Avec le mince argument ubuesque d’"Ubu enchaîné", Dan Jemmett a tiré une bonne heure théâtrale, ce qui dénote de l’habileté chez ce sujet britannique qui s’est mis au service de l’ancien roi de Pologne et d’Aragon, pas déçu d’être déchu, et prêt à rajouter du grotesque à sa dialectique, genre "l’esclavage, c’est la liberté"...
Sur scène, occupant les deux-tiers de l’espace, un petit personnage petit-déjeune, beurrant des toasts et cuisant des œufs, menant et malmenant une pauvre fleur (on prendra le risque de dire qu’il s’agit d’un lys). Tout semble banal, sauf qu’il s’évertue à casser ce qu’il vient de poser avec précaution sur sa table, renverse ses toasts et ses œufs, les piétine puis tente de les reconstituer.
Bref, Giovanni Calo joue un petit bonhomme bien contradictoire comme cet enchaîné qui se dit libre... et qui lui, est assis sur un fauteuil-trône à l’intérieur de ce qui pourrait être un castel de marionnettes, à la gauche de la scène.
De temps à autre, Giovanni Calo ouvre le rideau du castel laissant apparaître la tribu Ubu : le père, assis, la mère, debout ou sur le(les) genou(x) du père. Dès qu’il apparaît, Ubu part au quart de tour pour beugler de sa voix méridionale des discours à faire pâlir tous les dictateurs d’hier et d’aujourd’hui.

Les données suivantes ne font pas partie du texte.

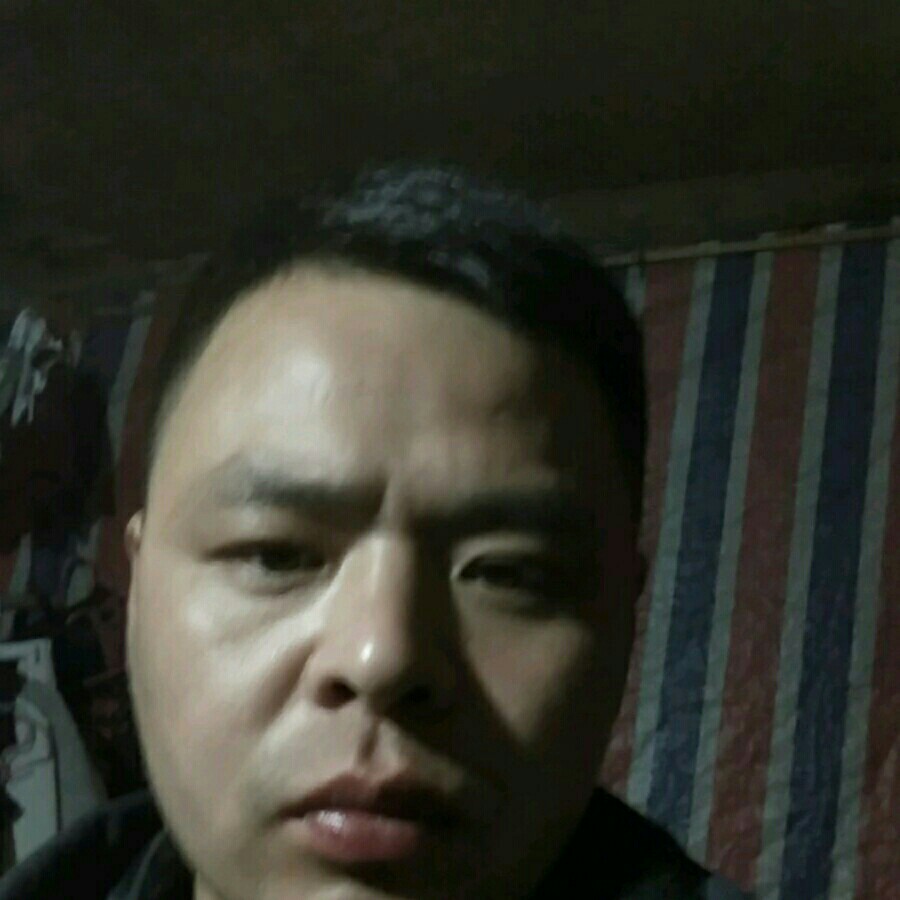 家具补漆维修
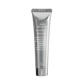 Aqua Squalane Moisturising Cream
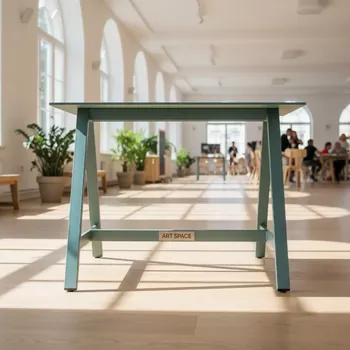Аренда Подстолье Лофт А 1 в гранд-отеле «Жемчужина» — ART SPACE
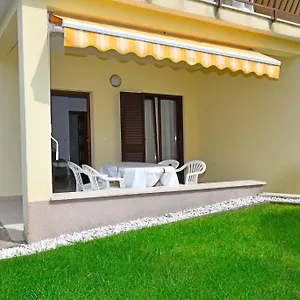  Apartman Jasmina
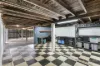 69 Bedford Road, Andergrove, Qld 4740-Image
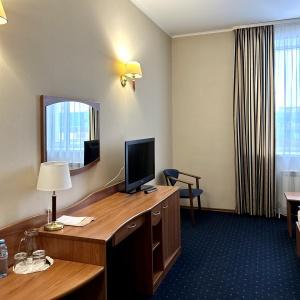 Hotel Alliance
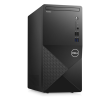 Dell | Vostro MT | 3020 | Desktop | Tower | Intel Core i5 | i5-13400 | Internal memory 8 GB | DDR4 |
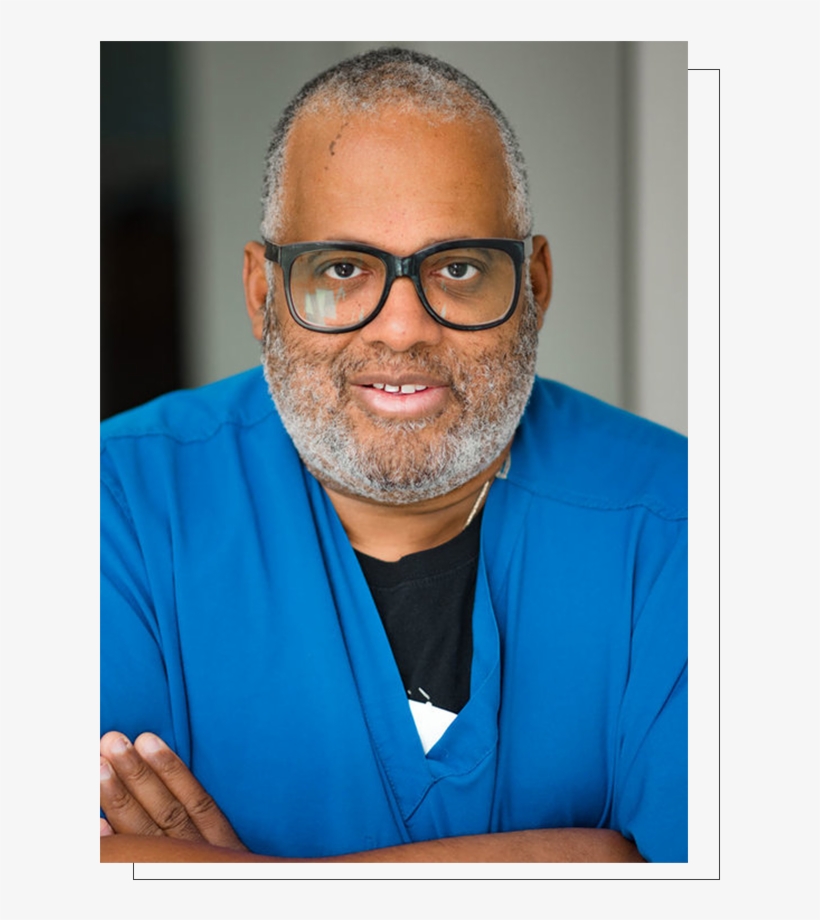 Drk, transparent png download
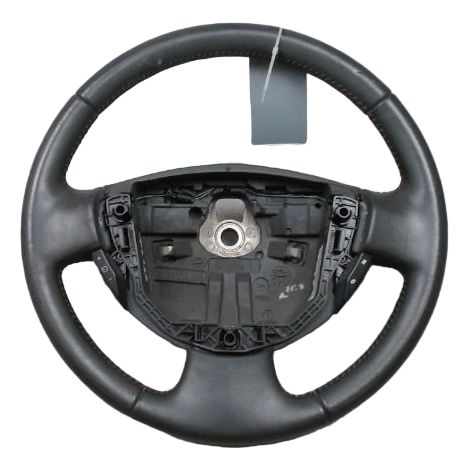 [PRODUIT D'OCCASION] Volant De Direction RENAULT Twingo ♻️ Ref Oe. 484009618r - Garantie à vie (1/2)
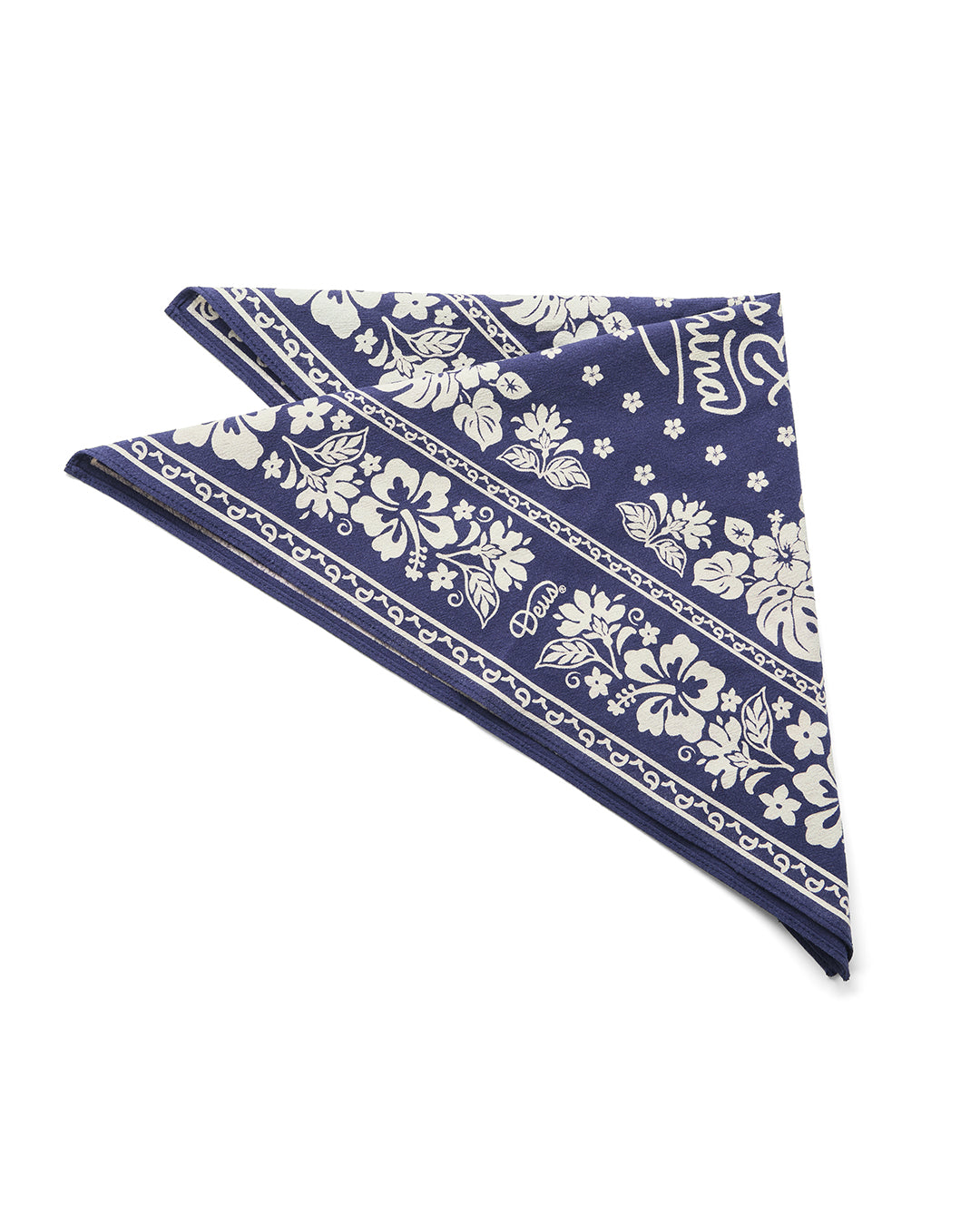 oahu bandana<BR/> 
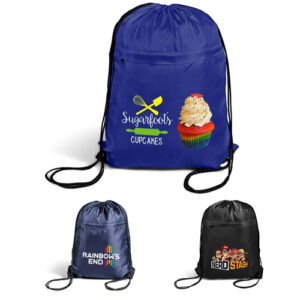 School Giftings Drawstring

Celui qui fut un "Red Devil" se démène comme un beau diable, connaît son texte à la perfection et incarne avec arrogance cette vieille carne d’Ubu. Quand le petit théâtre se transforme en cage, l’homme en costume rouge en rugit d’aise et la mère Ubu est à l’unisson, grâce à une Valérie Crouzet sexy et méchante comme Cruella.
Pendant cette heure orchestrée dans un savant chaos par Dan Jemmett et son décorateur Dirk Bird, on aura même la surprise de voir de tout près l’avant-centre de Manchester aussi méchant qu’à l’époque où il corrigeait les hooligans.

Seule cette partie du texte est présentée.